L’an passé, Julian Alaphilippe a fait ses premiers stages en altitude et reconnaissances des étapes de montagne du Tour de France, qui ont porté leurs fruits avec deux victoires et un maillot de meilleur grimpeur, grâce à une stratégie de baroudeur et un état de forme optimal. Mais le maillot jaune lui a indubitablement fait passer un cran.

« A l’arrivée au Tourmalet, j’étais surpris, comme lui, dit Samuel Bellenoue, directeur de la performance chez Wanty-Groupe Gobert. Cela déroge à ce qu’on a l’habitude de voir : une progression linéaire, mesurée. Là, il explose sur une durée d’effort à laquelle il ne nous avait pas habitués et on peut penser qu’il aurait pu gagner l’étape. Ce qui est encore plus incroyable, c’est le rythme auquel la montée s’est faite, réaliste physiologiquement mais que lui n’avait jamais pu suivre. »

« Cependant, poursuit l’entraîneur, c’est un garçon très sentimental, qui a prouvé sa capacité à se transcender. Il ne se met pas de barrière à l’inverse de certains coureurs, qui travaillent plus de manière raisonnée, avec les chiffres de puissance. Et si on ne se met pas de barrière, quand les jambes vont… »
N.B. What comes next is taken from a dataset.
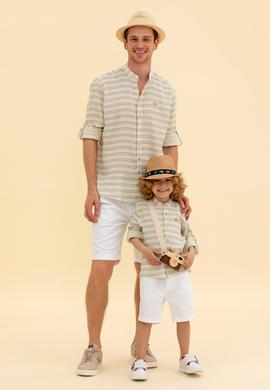 Erkek Beyaz Dokuma Şort - 50254441037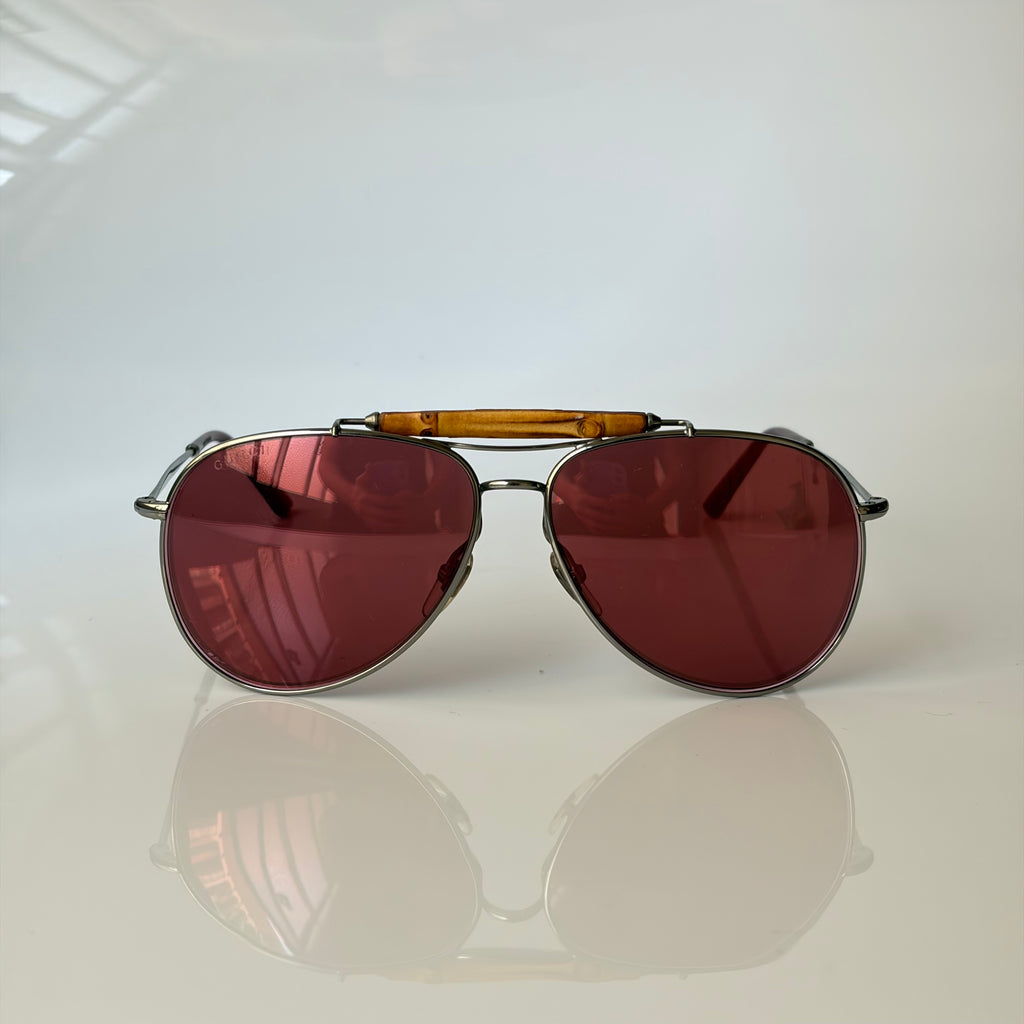 Gucci Bamboo Aviator Red Sunglasses by Tom Ford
Jean-Baptiste Quiclet, directeur de la performance chez AG2R-La Mondiale, estime aussi que le port du maillot jaune peut avoir un impact non négligeable sur la performance. « Chacun a une aptitude différente à tolérer la douleur et on peut imaginer que le maillot jaune déplace les seuils. Entre les aptitudes physiologiques et ce que l’athlète arrive à faire, il y a toujours un petit matelas de zone grise. Tactiquement, stratégiquement, physiologiquement parlant, c’est presque irrationnel, mais il a réussi à le faire : c’est bien qu’il y a des mécanismes autres que physiologiques. »

D’autres soulignent encore que la durée courte de l’étape du Tourmalet – trois heures – jouait à son avantage. Deux des trois étapes des Alpes seront aussi disputées sur un format raccourci – 126 et 130 km. Dimanche soir, Julian Alaphilippe, langue pendante, n’avait pas la tête d’un homme en situation de garder son maillot jaune dans une semaine. Mais le galopin n’en serait pas à sa première farce.